The British police did not actively pursue homosexuals qua homosexuals. There was hardly any secret about the widespread incidence of homosexuality at Oxbridge and the major public schools, and the police didn't see that as any of their concern. The recent editions of Chips Channons's diaries are filled with homosexual liaisons edited out of the earlier versions, and at no point did (or would) the police intervene.
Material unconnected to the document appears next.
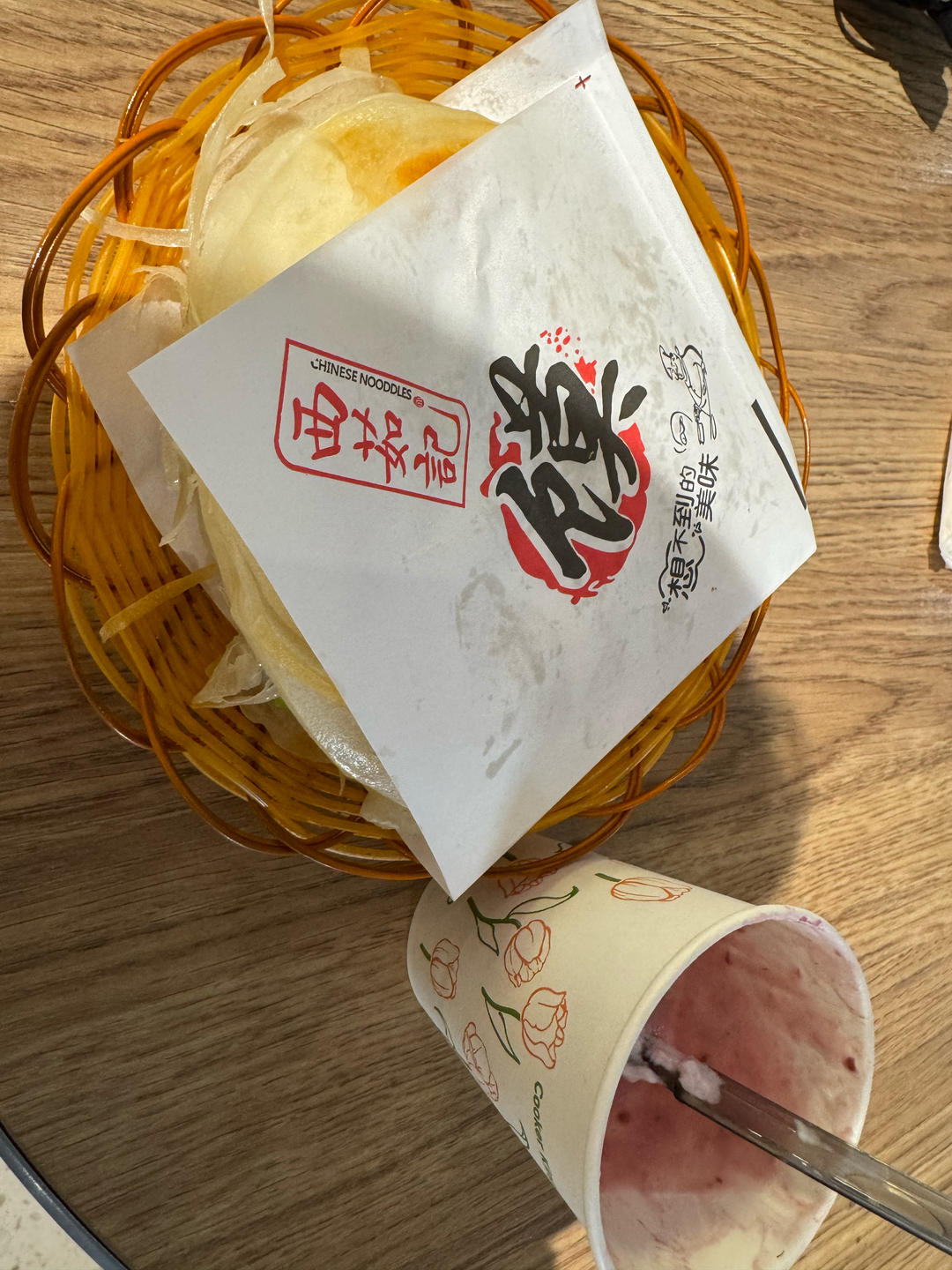 养猪场今日份的猪饲料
And this is arguably not just a matter of the privileges of the upper classes: there are few cases of the police or courts expressing any particular interest in what happened behind closed doors, and convictions for sodomy were few and far between. Cases that did get to court usually involved children, or public exposure, or violence, or one of the parties feeling aggrieved and using the police in spite, or the implications of the then-current divorce laws. Otherwise, if you were not on the police's radar, how would they know what you were doing? They were not particularly interested in investigating the private activities of otherwise law-abiding people. The police did not, in general, regard rumour and gossip and grounds to investigate, and in any event, what evidence would they have other than the accounts of the participants? (Adut, 2005) writes about this, and one might gently note that Naomi Wolf has got herself into a little bother over this issue.
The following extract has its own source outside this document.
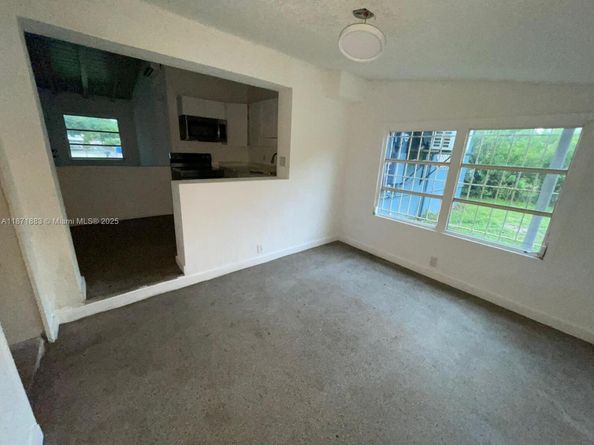 1604 NW 15th Ct, Fort Lauderdale FL 33311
However, the police had little choice when offences were reported to them, in terms, during other investigations. Turing's house was burgled, which he reported to the police, and in the course of the investigation he told them that he knew the identity of the burglar. He knew because he had been told by his lover, an unemployed man 20 years his junior: the burglar was his lover's friend.
Under those circumstances, given the legal framework at the time, the police were in a difficult position. A minor academic in a provincial university (remember, Winterbotham's "The Ultra Secret" is still more than twenty years in the future) was telling them about a criminal offence he had committed. They had no option other than to charge him with a crime he had himself told them about. Turing then pleaded guilty, which further removes options from the legal system.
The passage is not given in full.